Kari and I had the opportunity to travel to Chicago this week.

It was a very quick trip. We got there late at night, spent the entire day in a photographer’s seminar that didn’t get over until after sunset, and then we drove out just as the sun was coming up, so, I guess you could say we didn’t see much of the town. It was 20-30 below with the winds whipping the way they were, and everywhere we went we had to walk. Needless to say we didn’t trek very far. We did ride our first ever subway together, and we had some authentic Chicago Pizza, which was fun. I even managed to snap a few pictures of the skyscrapers on our way out of town. It looks like a very happening, vibrant, bustling town, doesn’t it?

But there’s a very real part of Chicago that you won’t see in my images…

Because the forgotten Chicago, in the shadows of those tall buildings, was the homeless man who marked us 3 seconds after we walked onto the street, asking for a little help, telling us one story after another, his breath creating a fog with the strong smell of wine. He’d just jumped out of a taxi cab a few moments earlier, and here he was telling us that he’d served his country, and he needed something to help keep him warm on such a cold night. The next night we were bundled up as tight as could be in our winter jackets and gloves, running for the subway. I left my camera in the room because I didn’t think it would be wise to tote it around so late, but looking back now I wish so much I had brought it, because the forgotten Chicago was the guy lying flat on his back at the bottom of the stairs, wearing next to nothing, his feet bare and numb to that deadly cold wind, his gaze just a vacant stare into nothing. It showed me that a camera can be a powerful tool of communication, whether that the message was meant for you, or as a way to speak to my own heart. Instead of shooting images of pretty buildings and castles in the sand, my focus should have been a little more down to earth…Christ had that figured out, didn’t he?
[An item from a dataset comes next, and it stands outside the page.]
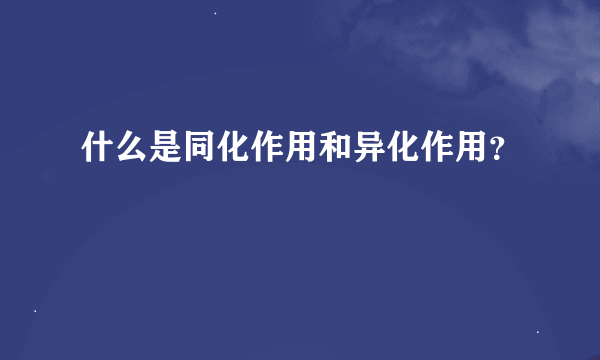 什么是同化作用和异化作用？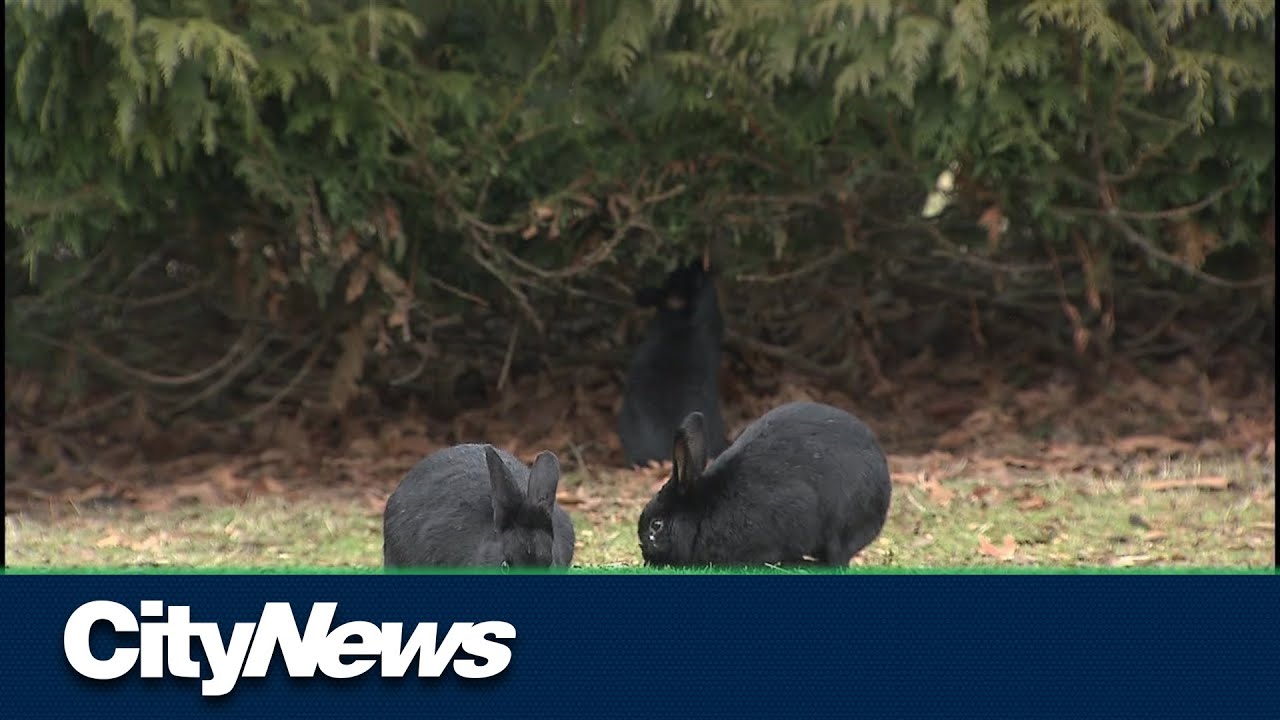Rescue organization struggling to keep up with abandoned bunnies YouTube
Kari was the first thought on my mind, keeping myself between her and him. My second thought was trying to discern the why’s.. Why was this man here? Why did he pick this place? Was this just part of his game? I stepped around him and a cop was standing there, calling in for an ambulance to come and cart him away. Zooming through the tunnels in the subway I began to think about my natural reactions…
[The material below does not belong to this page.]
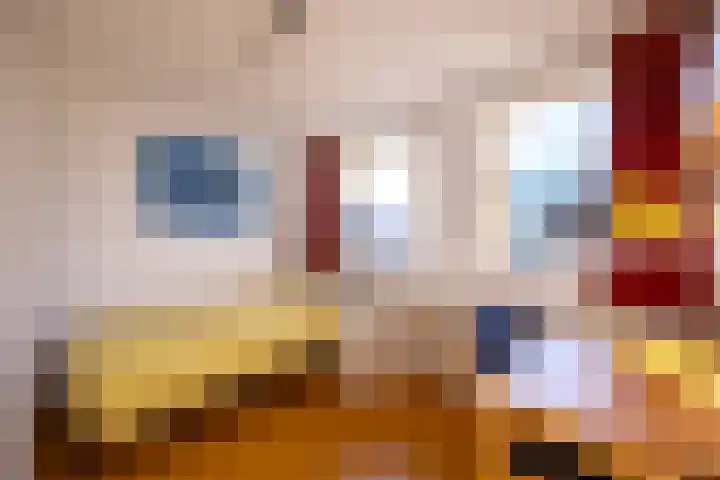 Mackaylaan 25 Doetinchem thumbnail 31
Here we were in a big city, completely on the defense. I didn’t know my way around, and even got turned around in the subway. The Elliott boys pride themselves on never, ever being lost. I couldn’t have pinned any tails on any donkeys, i didn’t know up from down.
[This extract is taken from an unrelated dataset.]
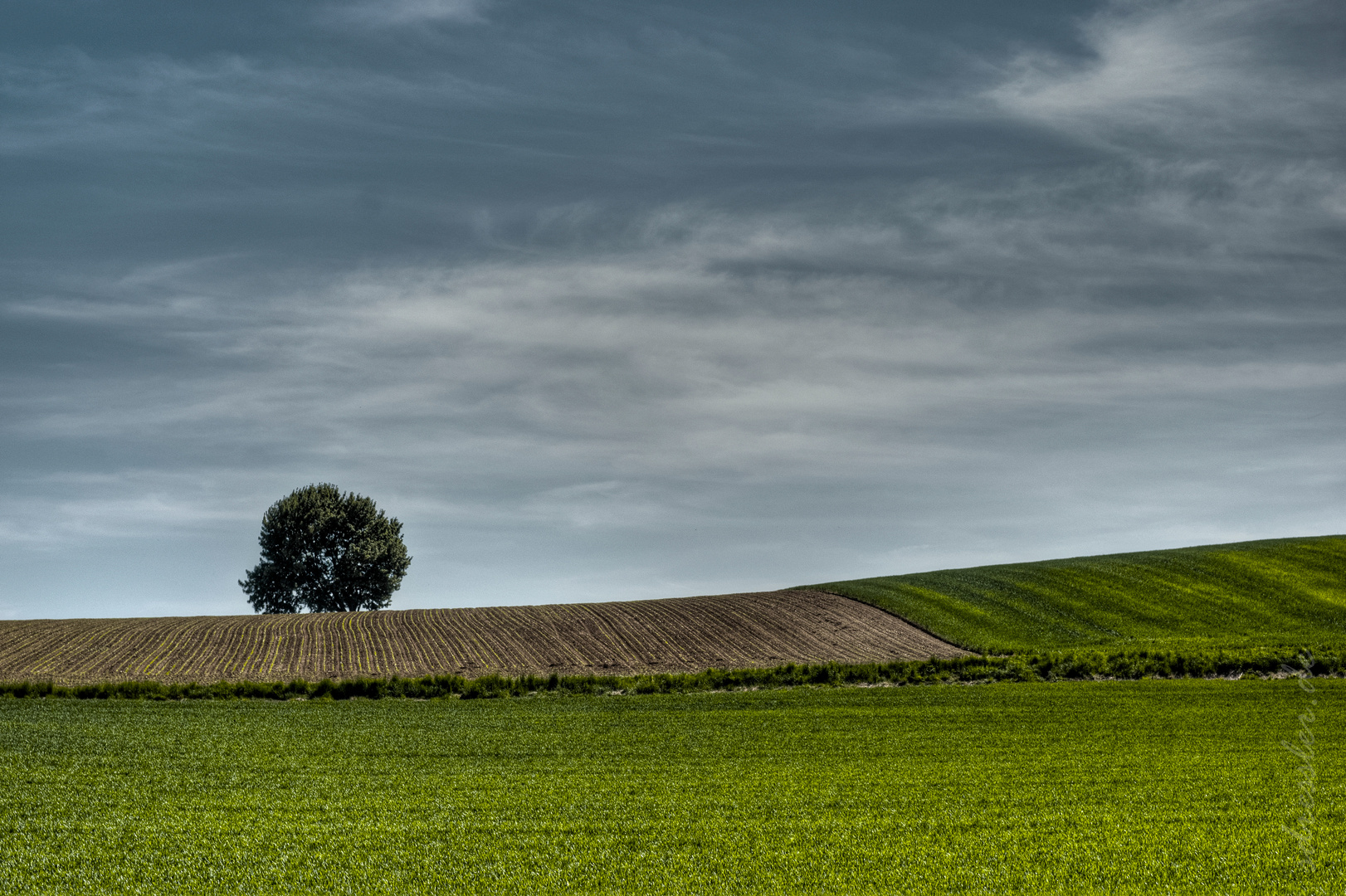 . : alone in the field : .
And I was worried about Kari, protecting her, keeping her safe. I was ready to scrap.

Then that morning, breakfast had cost us over $30.00 for nothing more than whipped oatmeal, and the hotel charged us double what they said they would for parking. All of this had turned me skeptical… to a fault.

Then I remembered the verses that my son had just learned a couple of weeks ago, the same verses I’d posted here just a few days ago.

It got me thinking that I must not have really understood the passage, because I certainly missed the point in Chicago. so i’m posting that verse again, more for me than for any of you. To remind myself what the right reaction should be, and what real love looks like… Real love is when the words become action.

‘Each one of us needs to look after the good of the people around us, asking ourselves, “How can I help?” That’s exactly what Jesus did. He didn’t make it easy for himself by avoiding people’s troubles, but waded right in and helped out. “I took on the troubles of the troubled,” is the way Scripture puts it.’ (Rom 15:2-3)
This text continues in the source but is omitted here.